# PROVIDED MATERIAL:

[Start of section]

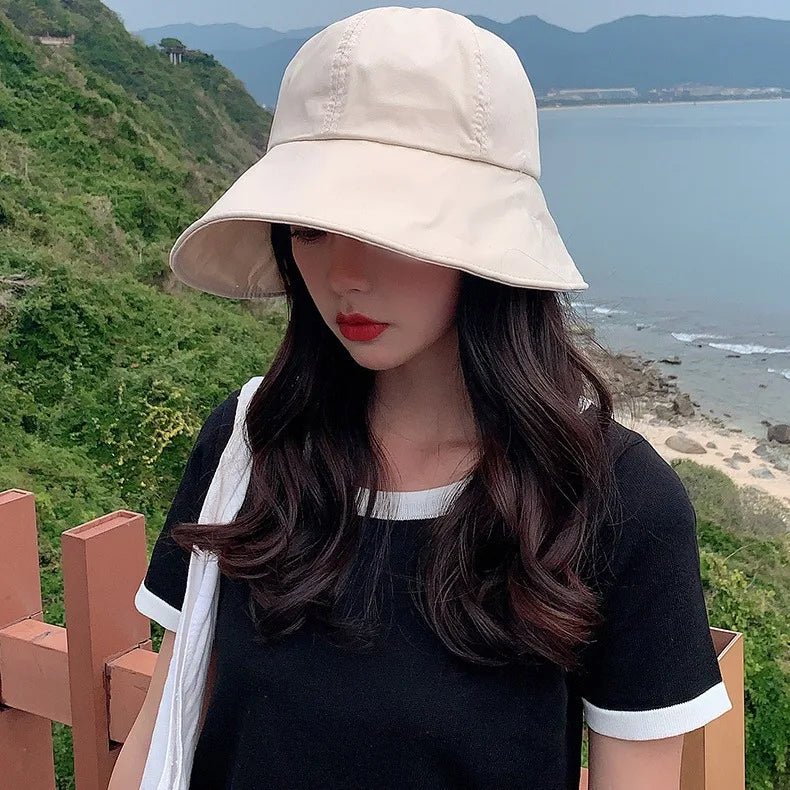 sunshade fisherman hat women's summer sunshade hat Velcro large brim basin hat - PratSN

[End of section]
[Start of section]

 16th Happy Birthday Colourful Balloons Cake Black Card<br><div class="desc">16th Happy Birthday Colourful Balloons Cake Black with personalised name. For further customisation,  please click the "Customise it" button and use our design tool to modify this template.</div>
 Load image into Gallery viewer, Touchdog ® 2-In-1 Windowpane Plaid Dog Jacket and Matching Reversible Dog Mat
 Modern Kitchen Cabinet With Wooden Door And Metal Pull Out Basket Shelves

[End of section]

After locating the line with "Load image into" above, return that line and every later line through the one with "Modern Kitchen Cabinet", word for word and with nothing else.

# WRITTEN RESPONSE:
 Load image into Gallery viewer, Touchdog ® 2-In-1 Windowpane Plaid Dog Jacket and Matching Reversible Dog Mat
 Modern Kitchen Cabinet With Wooden Door And Metal Pull Out Basket Shelves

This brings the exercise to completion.